- **What you are asked to do**:
A full, word-for-word copy of the listing below is needed; leave the images out of it.

- **Data shown**:
┄┄┄┄┄┄┄┄┄┄
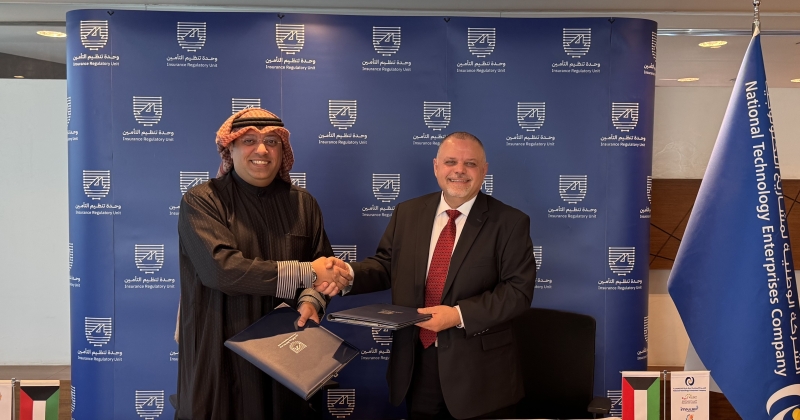 «وحدة التأمين» تُوقّع اتفاقية تعاون... مع «الوطنية للتكنولوجيا» 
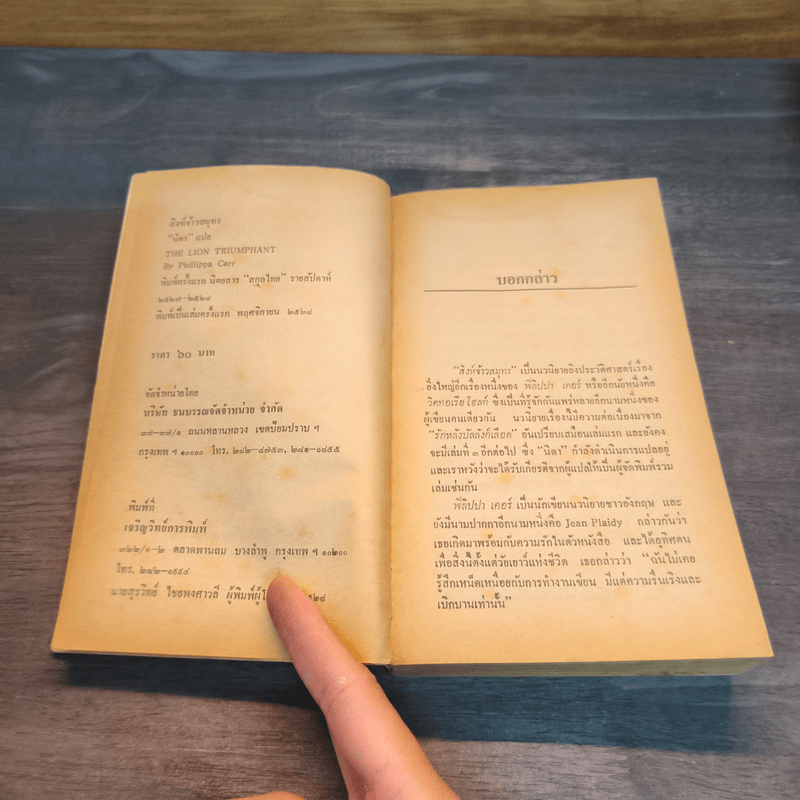 สิงห์จ้าวสมุทร เล่ม 1 - Philippa Carr, นิดา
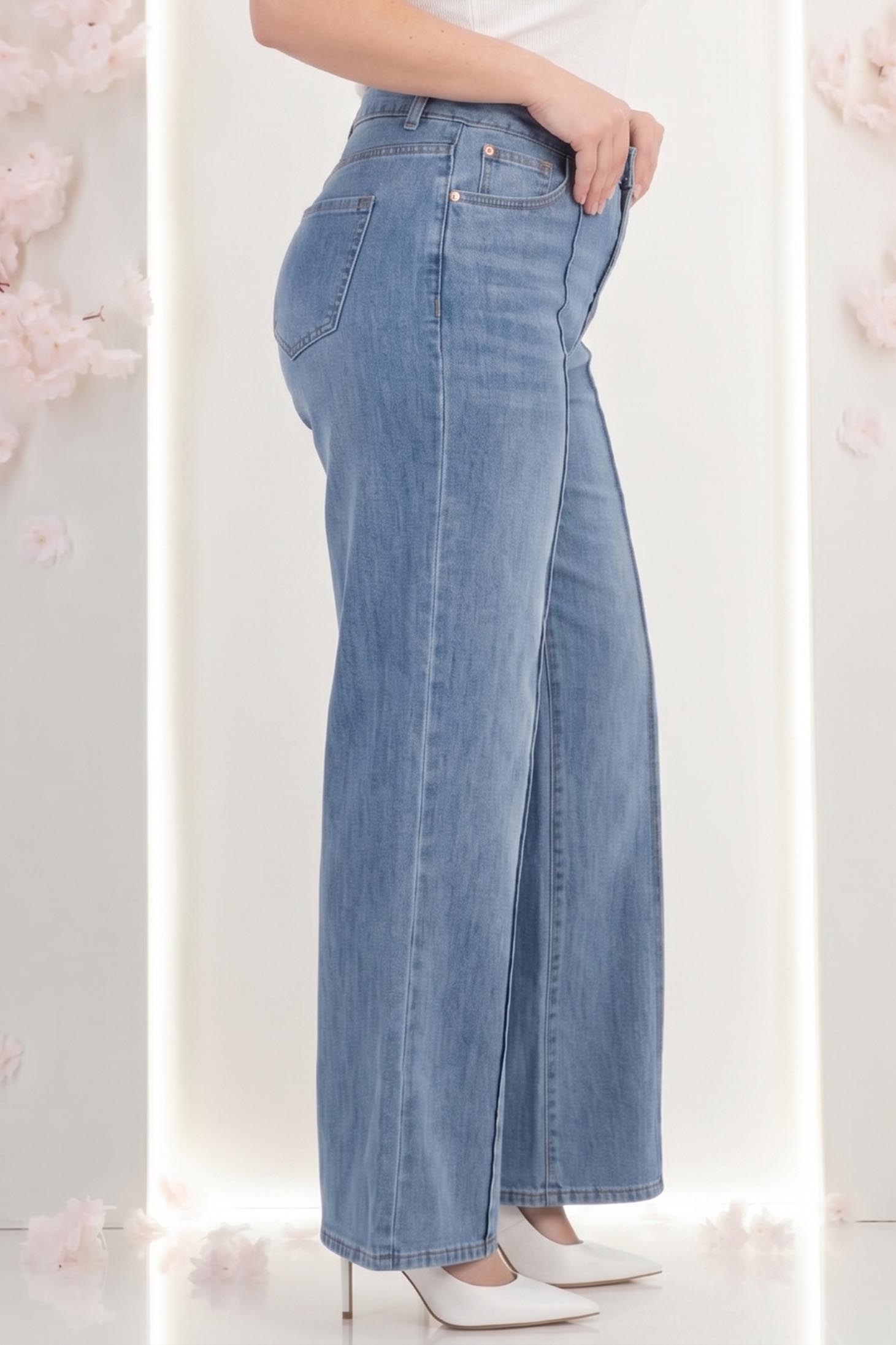 Blugi lungi albastri wide leg cu buzunare laterale 2 - StarShinerS.ro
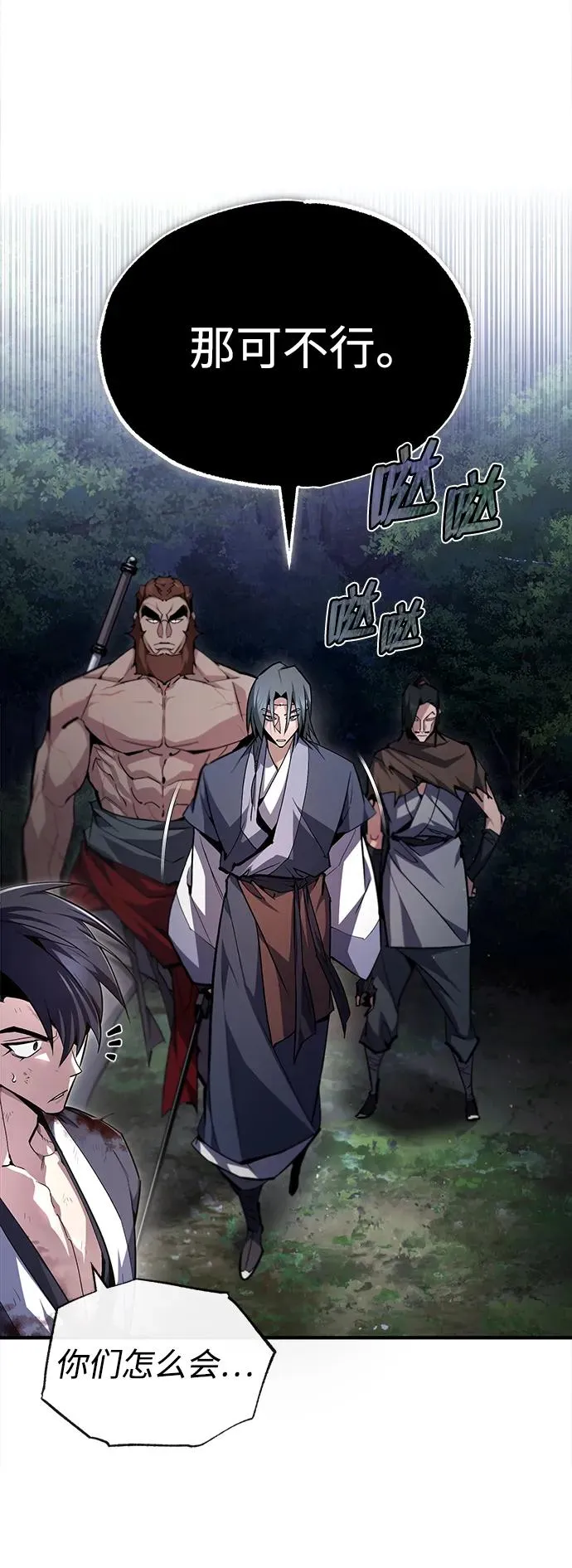 [第79话] 真吵啊65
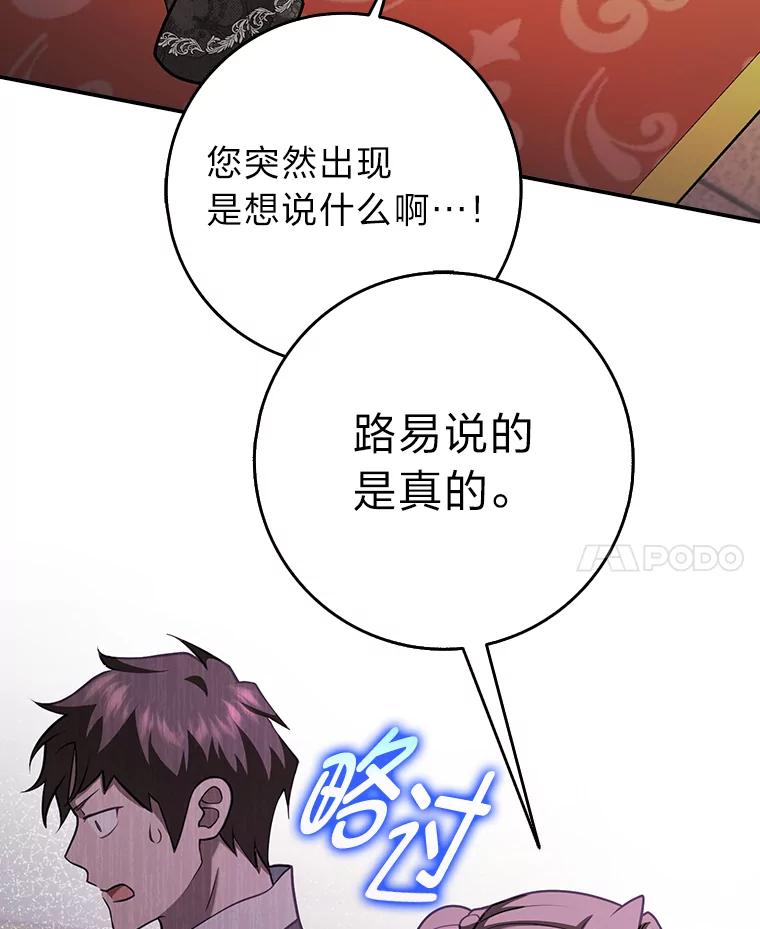 《消失的灰姑娘》24.谎言的必要性 第53页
┄┄┄┄┄┄┄┄┄┄
- **Solution to the exercise**:
 «وحدة التأمين» تُوقّع اتفاقية تعاون... مع «الوطنية للتكنولوجيا» 
 สิงห์จ้าวสมุทร เล่ม 1 - Philippa Carr, นิดา
 Blugi lungi albastri wide leg cu buzunare laterale 2 - StarShinerS.ro
 [第79话] 真吵啊65
 《消失的灰姑娘》24.谎言的必要性 第53页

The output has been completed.